« Notre existence actuelle, au fur et à mesure qu’elle se déroule dans le temps, se double ainsi d’une existence virtuelle, d’une image en miroir. Tout moment de notre vie offre donc deux aspects : il est actuel et virtuel, perception d’un côté et souvenir de l’autre. Il se scinde en même temps qu’il se pose. »
— Henri Bergson, « Le Souvenir du Présent et la Fausse Reconnaissance »
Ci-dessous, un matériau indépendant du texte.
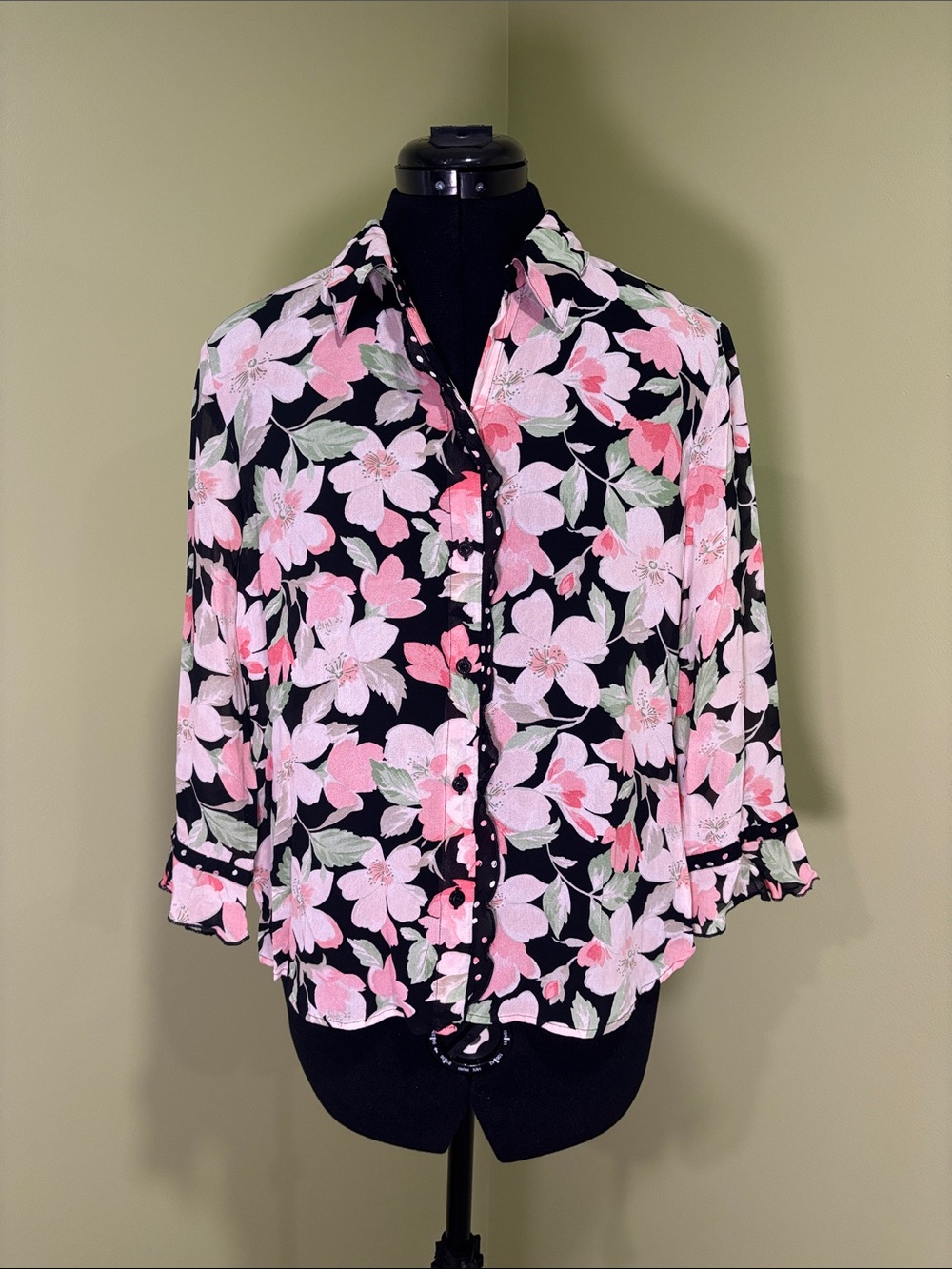 100% Rayon Women's Black Floral Button-Front Blouse - Pink Floral - Picture 1 of 6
Par ces mots, le philosophe français Henri Bergson offre une perspective fondamentale sur la nature de la mémoire et la sensation insaisissable du « déjà vu », ou ce qu’il nommait la « fausse reconnaissance ». Il postule que la mémoire ne se forme pas « après » la perception mais se produit
« simultanément » à elle. Lorsque nous percevons le monde – l’aspect « actuel » – notre conscience crée simultanément une image miroir « virtuelle » de cette perception, un « souvenir du présent ». En temps normal, notre « attention à la vie », orientée vers l’action et l’avenir, refoule cette image-souvenir virtuelle dans l’inconscient, telle une ombre invisible. Le « déjà vu », selon Bergson, survient aux instants où cette attention motrice vacille momentanément. Dans cette brève pause ou ce détachement, le « souvenir du présent » normalement caché fait surface à la conscience aux côtés de la perception en cours. Nous expérimentons ainsi le moment présent « et » son reflet immédiat au même instant. Cet étrange dédoublement crée le sentiment intense et paradoxal de revivre un instant – nous pouvons « reconnaître » le présent qui se déploie non pas parce que nous l’avons véritablement vécu auparavant, mais parce que nous accédons à la fois à la perception et à sa mémoire intrinsèque, générée simultanément.
Organisation
Organisée par l’Art For All Society (AFA), co-organisée par l’Association pour la Promotion des Arts Multimédias Innovants de Macao, et soutenue par le Fonds de Développement Culturel de Macao, « Déjà Vu » — première partie du cycle
d’expositions
« Miroir · Boucle · Génération » : De l’Art Vidéo à l’Intelligence Artificielle, et exposition d’échange artistique sino-français —
est inaugurée le 14 mai 2025 au Parisian Macao.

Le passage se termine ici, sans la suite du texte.